Now if you want to pump even deeper meaning into it, then I suppose we can talk about what time means to us. I have only so many entropic events left in my body before I’m out of here, and I do see that as significant. I hate wasting time with so little of it left to me (especially at my age).
Prometheus said:
You say that you do, in fact, experience ... How do you know that it is a fact. Furthermore, what might you even mean. Nothing is impervious to change, in my opinion, and I cannot imagine what you might mean.
I don’t understand why you cannot imagine non-change, it isn’t that difficult to think about is it? But if you want to know what I mean, you might check out some of my threads (you can find that in my profile). I have written extensively on what can be found through the inner experience. A survey of history’s most successful meditators will confirm to you that many have reported there’s something at the root of existence unaffected by change.

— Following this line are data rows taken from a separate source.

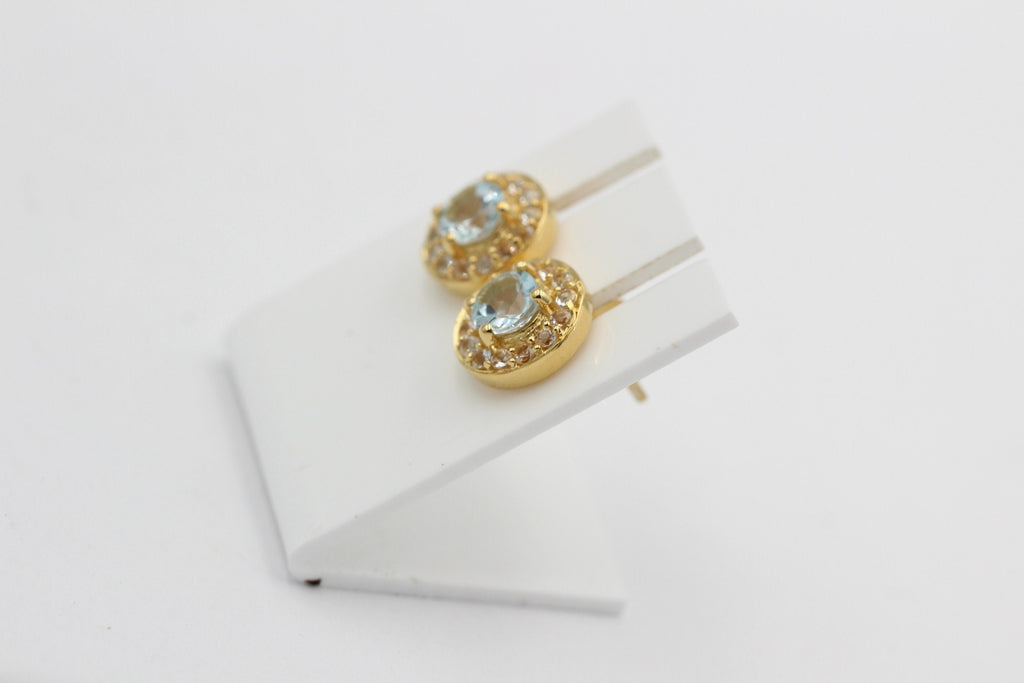 Edler 1,35 Carat Blautopast Weißtopas Orstecker 925 Silber Ohrschmuck vergoldet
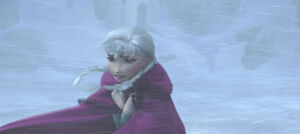 Anna searching for Kristoff in a blizzard.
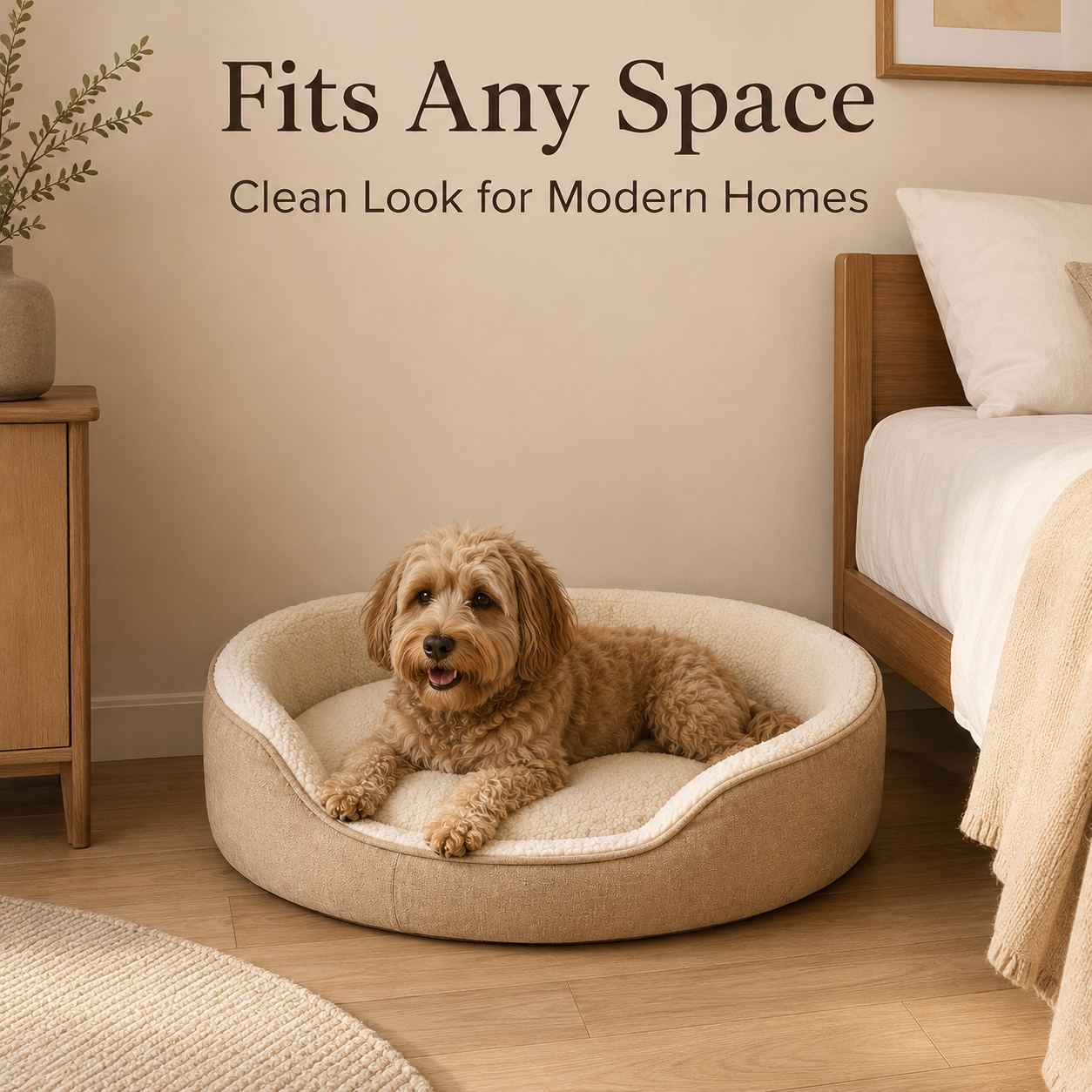 Modern Oval Dog Bed with Raised Support Rim, Soft Plush Cushion & Non-Slip Bottom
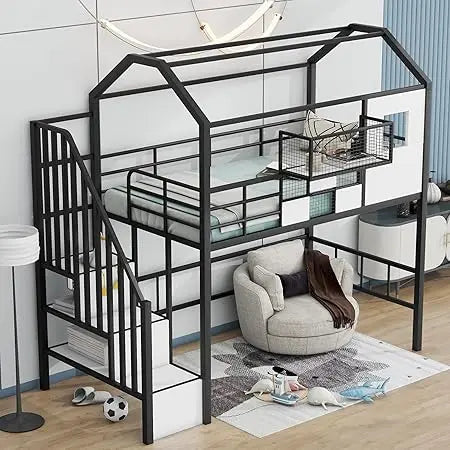 Twin Size House Loft Bed with Stairs and Storage Box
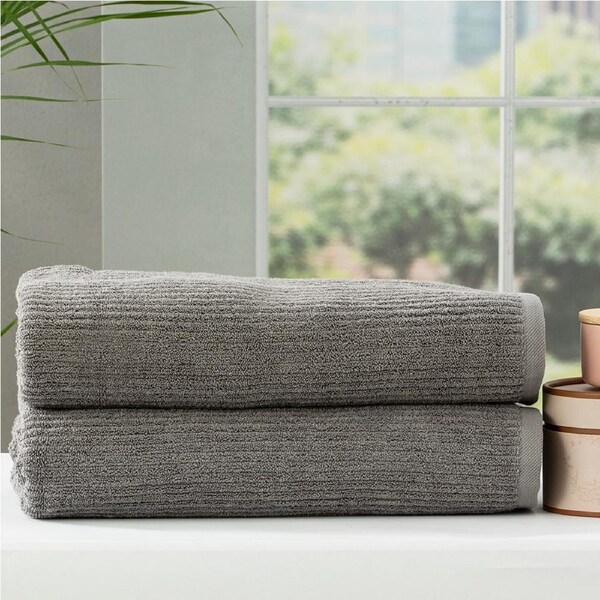 Renee Taylor Cobblestone 650 GSM Cotton Ribbed Towel Packs 2pc BS Granite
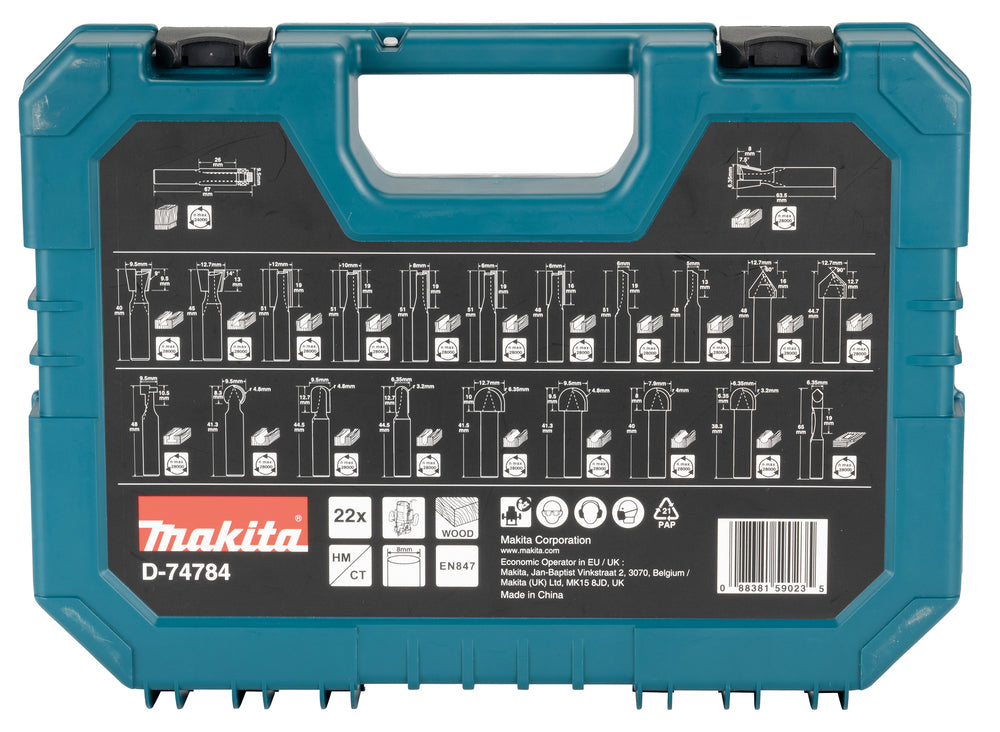 Makita Frässet Överfräsbitssats, 8 mm, 22 delar D-74784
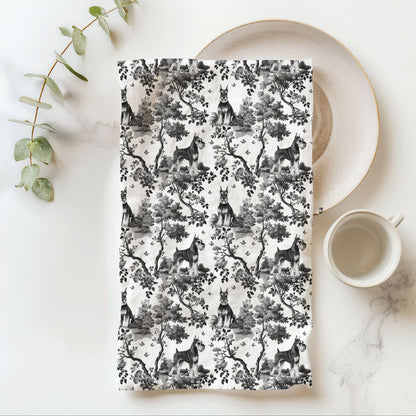 Standard Schnauzer Cotton Tea Towels - Black Toile Pattern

In terms of how I “know.” I like to call myself an “experientialist” which simply means that one knows after one experiences something sufficiently. So if I say I know, it is because of experience, and nothing more (like beliefs, faith, pure logic, etc.). You will acknowledge, I’m sure, that there is a difference between what I know, and proving to others what I know. I know I feel happy right now, but you have no way of knowing that because it is happening inside me. If I tell you “I know” anything universal (to humans) that’s inside me, then you can only investigate if it is universally true if you look inside yourself. I say I know there is something unchanging in me, not subject to “time” (as defined), and I see it in others too now that I have experienced in me. Whether you know it, or will know it, depends on if you decide to try to experience it.